:: EXERCISE INPUT ::
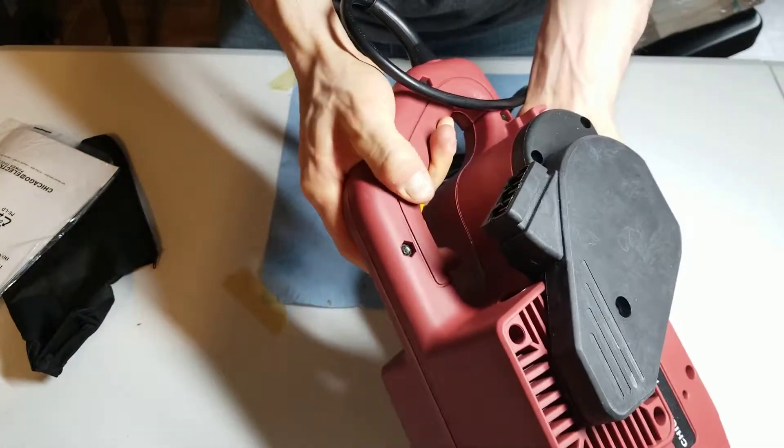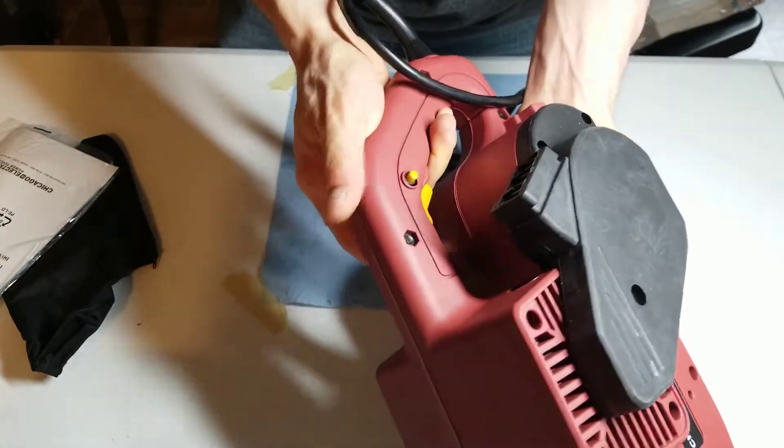It has a nice switch. Looks like you could lock the switch in place during use, and click it to unlock it.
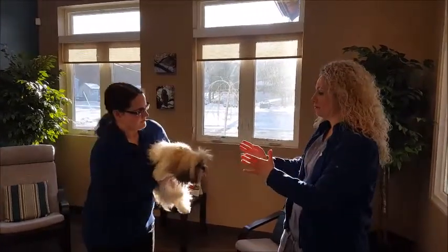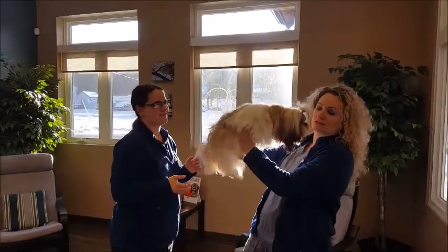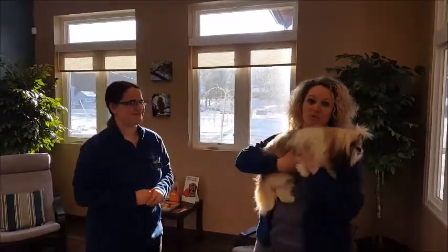The improper way to do it would be to hand her to me directly like this, face first. That way I'm right in her face, right in her business — it's a little more nerve wracking for them.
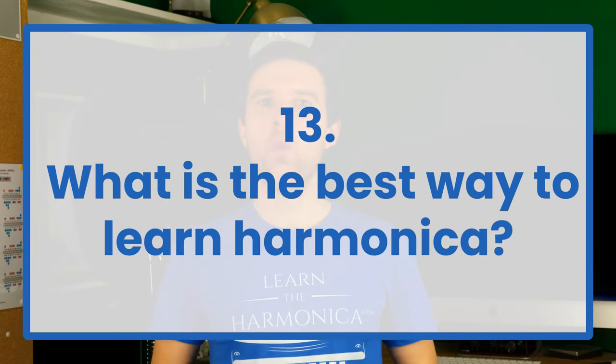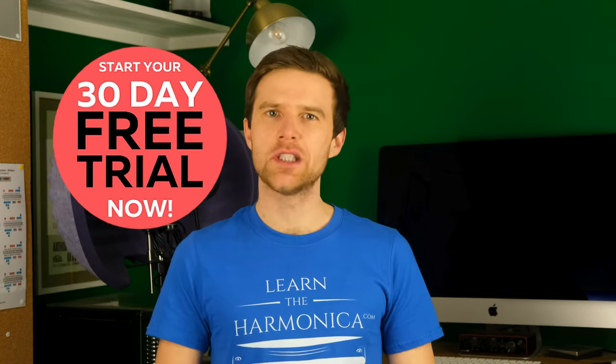So, finally, what's the best way to learn harmonica? I believe the best way is through step-by-step lessons with an experienced teacher. That doesn't have to be me — there are loads of great teachers out there. But I do have hundreds of free lessons on YouTube, as well as a harmonica school where I have step-by-step courses broken down into small chunks from absolute beginner to advanced. Loads of different styles, loads of different types of songs that you can learn, and I'm offering a free trial for 30 days at the moment.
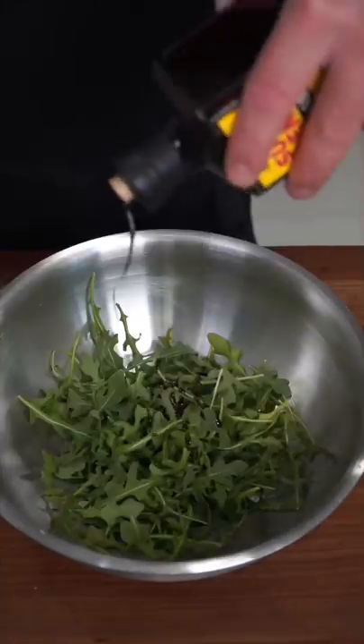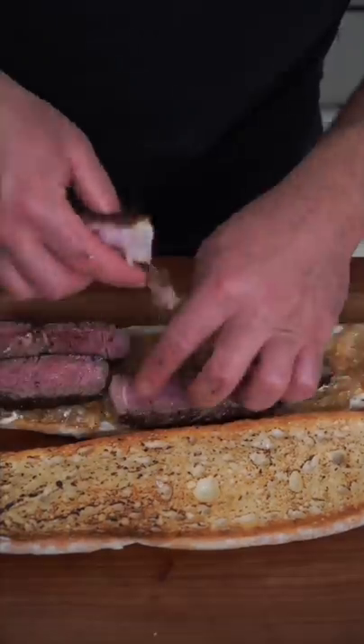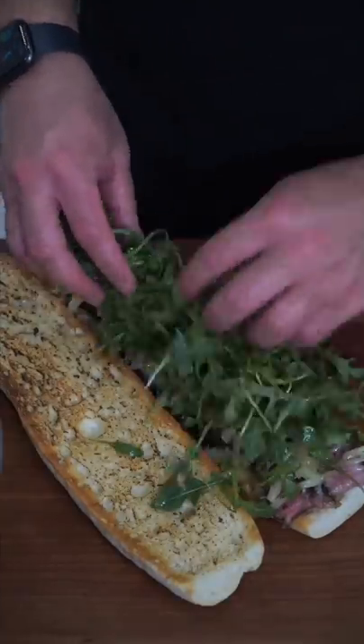To baby arugula, add balsamic and parmesan. Toasted ciabatta, horseradish aioli. Remember those caramelized onions — basically add a whole cow. Shaved fontina because we're fancy. A quick roasty toast. Greens to negate all the calories.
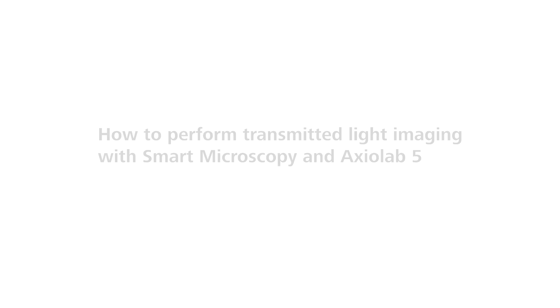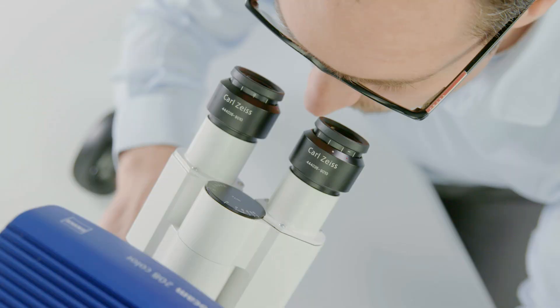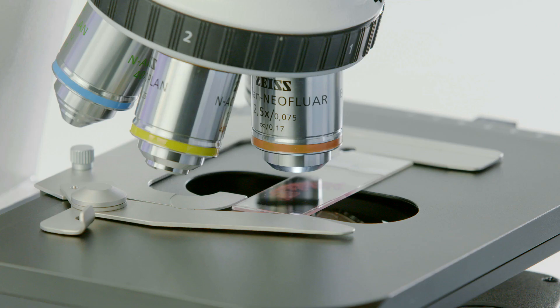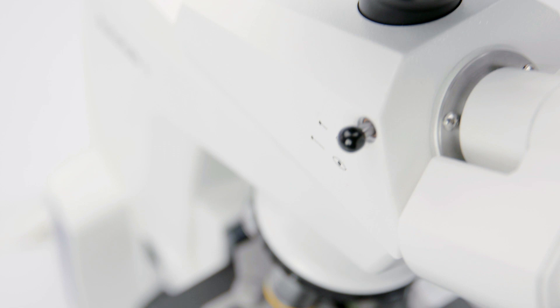How to perform transmitted light imaging with Smart Microscopy and Axiolab 5. Imagine acquiring images in transmitted light as you see it through the eyepieces, complete with the right scaling, using just your microscope without a PC. With Smart Microscopy and Axiolab 5 from Zeiss, you can do it all in one go.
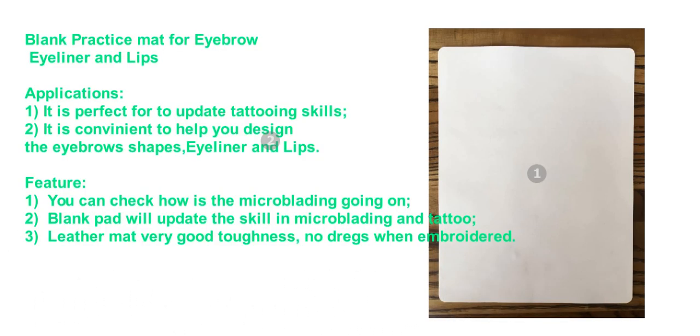It is perfect for updating tattooing skills. It is convenient to help you design eyebrow shapes, eyeliner, and lips. You can check how the microblading is going on. The blank pad will update your skill in microblading and tattoo.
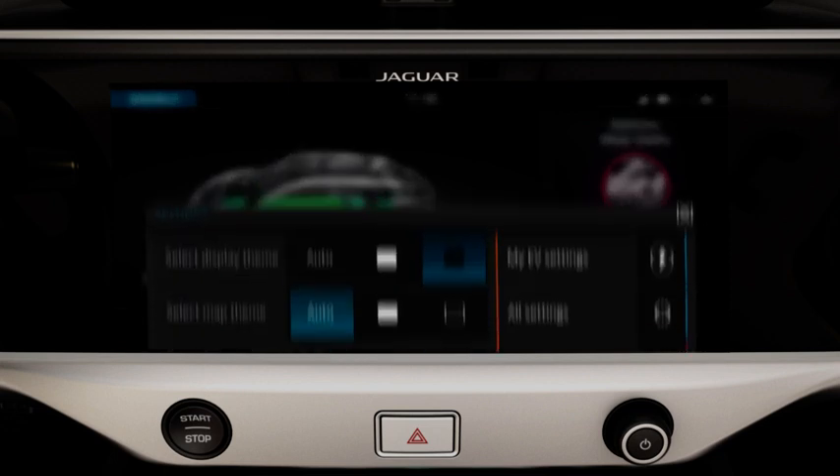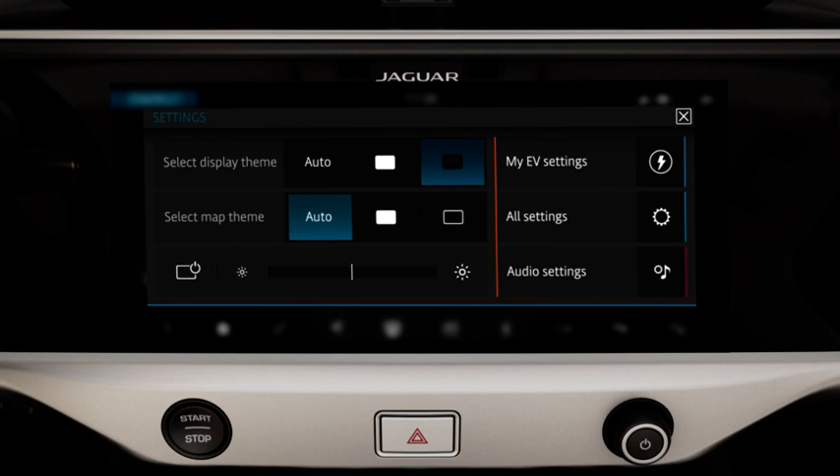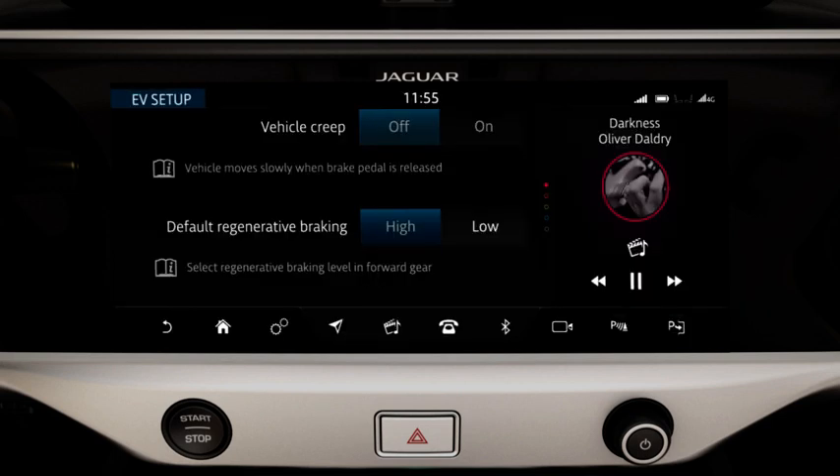Touch the settings icon from the energy menu screen to display the settings pop-up screen. Touch My EV settings to display the My EV settings screen. Select High or Low from the default Regenerative Braking option. The selected status is retained even after vehicle restart.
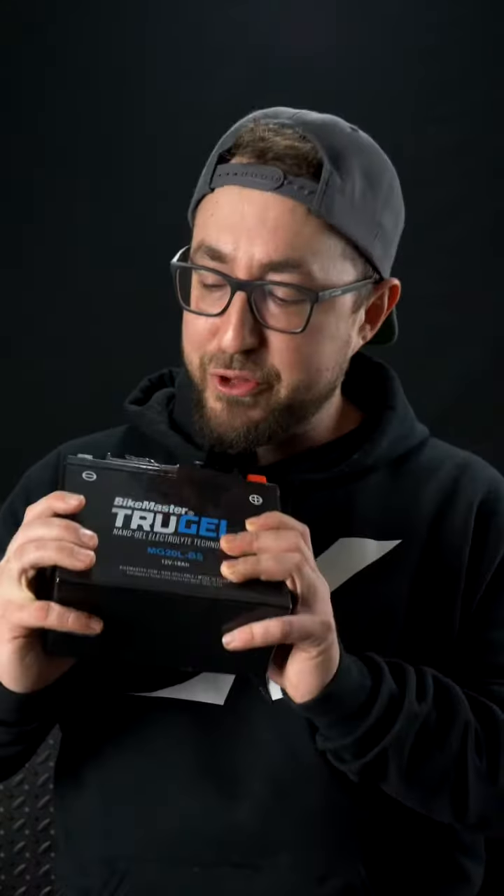Hey, this is Chad with Dennis Kirk. You're having a hard time finding a solid battery for your use and abuse in any power sports machine you might own? Then we highly recommend you check out the TruGel 12-volt battery from Bikemaster. It's a battery that a lot of us here at Dennis Kirk run in a huge variety of machines, and here's why.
:::
• _TASK DETAILS_: Please restate the data word for word, leaving out any picture it holds.

• _SOLUTION TO THE PROBLEM_:
It has a nice switch. Looks like you could lock the switch in place during use, and click it to unlock it.
The improper way to do it would be to hand her to me directly like this, face first. That way I'm right in her face, right in her business — it's a little more nerve wracking for them.
So, finally, what's the best way to learn harmonica? I believe the best way is through step-by-step lessons with an experienced teacher. That doesn't have to be me — there are loads of great teachers out there. But I do have hundreds of free lessons on YouTube, as well as a harmonica school where I have step-by-step courses broken down into small chunks from absolute beginner to advanced. Loads of different styles, loads of different types of songs that you can learn, and I'm offering a free trial for 30 days at the moment.
To baby arugula, add balsamic and parmesan. Toasted ciabatta, horseradish aioli. Remember those caramelized onions — basically add a whole cow. Shaved fontina because we're fancy. A quick roasty toast. Greens to negate all the calories.
How to perform transmitted light imaging with Smart Microscopy and Axiolab 5. Imagine acquiring images in transmitted light as you see it through the eyepieces, complete with the right scaling, using just your microscope without a PC. With Smart Microscopy and Axiolab 5 from Zeiss, you can do it all in one go.
It is perfect for updating tattooing skills. It is convenient to help you design eyebrow shapes, eyeliner, and lips. You can check how the microblading is going on. The blank pad will update your skill in microblading and tattoo.
Touch the settings icon from the energy menu screen to display the settings pop-up screen. Touch My EV settings to display the My EV settings screen. Select High or Low from the default Regenerative Braking option. The selected status is retained even after vehicle restart.
Hey, this is Chad with Dennis Kirk. You're having a hard time finding a solid battery for your use and abuse in any power sports machine you might own? Then we highly recommend you check out the TruGel 12-volt battery from Bikemaster. It's a battery that a lot of us here at Dennis Kirk run in a huge variety of machines, and here's why.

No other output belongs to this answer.